Information given Start Marker

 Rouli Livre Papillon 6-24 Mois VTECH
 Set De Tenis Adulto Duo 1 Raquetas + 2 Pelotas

Information given End Marker
Information given Start Marker

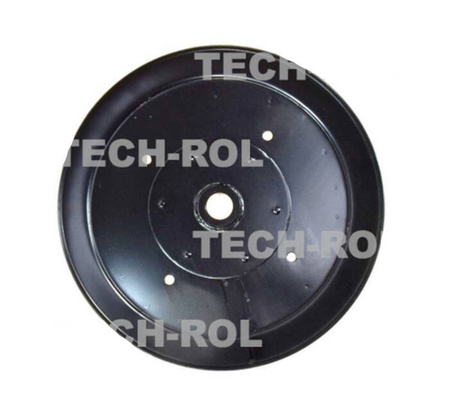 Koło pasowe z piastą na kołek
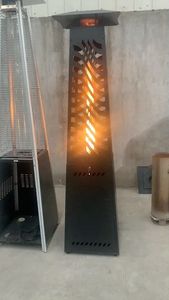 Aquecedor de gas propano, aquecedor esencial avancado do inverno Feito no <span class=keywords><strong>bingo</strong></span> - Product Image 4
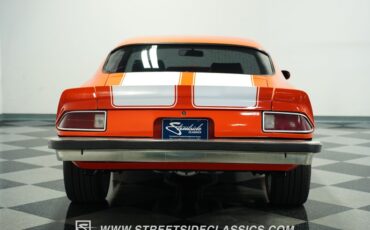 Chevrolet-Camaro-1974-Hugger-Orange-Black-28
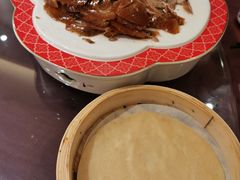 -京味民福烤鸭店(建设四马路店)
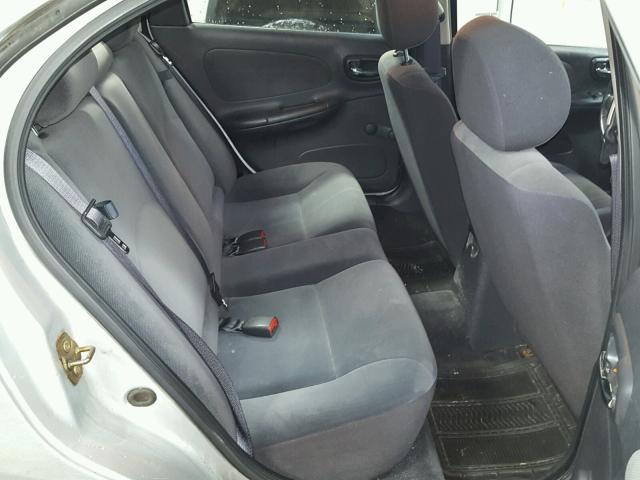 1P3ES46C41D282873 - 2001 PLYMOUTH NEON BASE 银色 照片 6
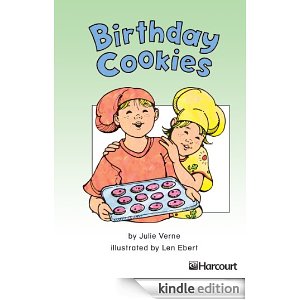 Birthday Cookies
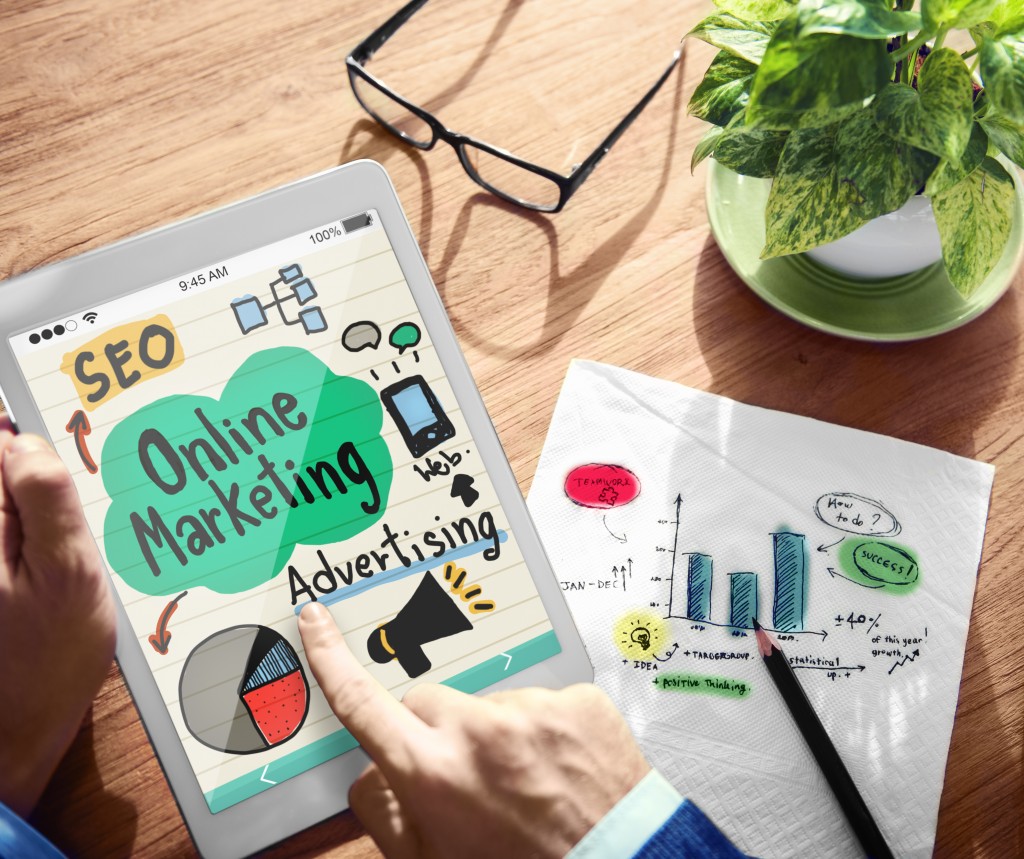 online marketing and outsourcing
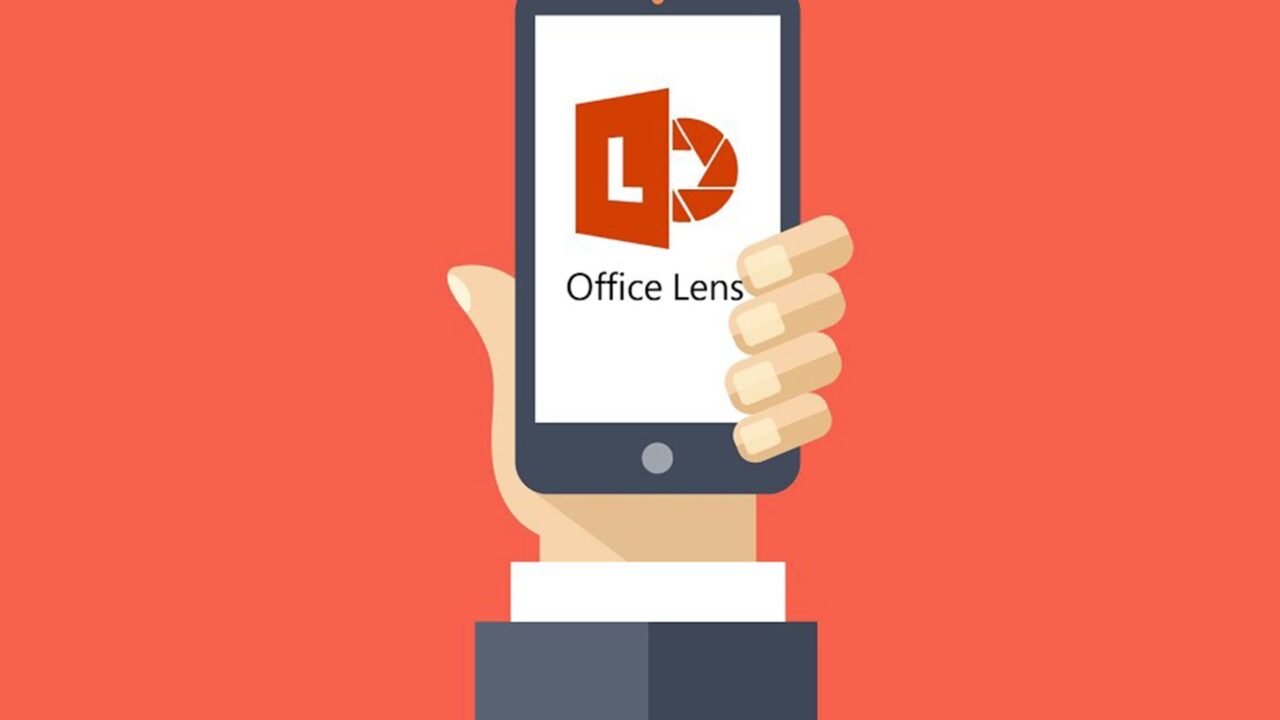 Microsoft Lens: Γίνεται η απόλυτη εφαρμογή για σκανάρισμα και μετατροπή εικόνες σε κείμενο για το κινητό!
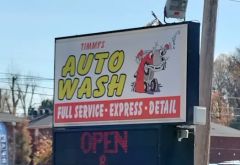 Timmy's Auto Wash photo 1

Information given End Marker

Look above for the line containing "1P3ES46C41D282873 - 2001", then copy exactly from it through the line containing "Timmy's Auto Wash photo 1", keeping both and leaving out pictures. Add nothing else.

Solution:
 1P3ES46C41D282873 - 2001 PLYMOUTH NEON BASE 银色 照片 6
 Birthday Cookies
 online marketing and outsourcing
 Microsoft Lens: Γίνεται η απόλυτη εφαρμογή για σκανάρισμα και μετατροπή εικόνες σε κείμενο για το κινητό!
 Timmy's Auto Wash photo 1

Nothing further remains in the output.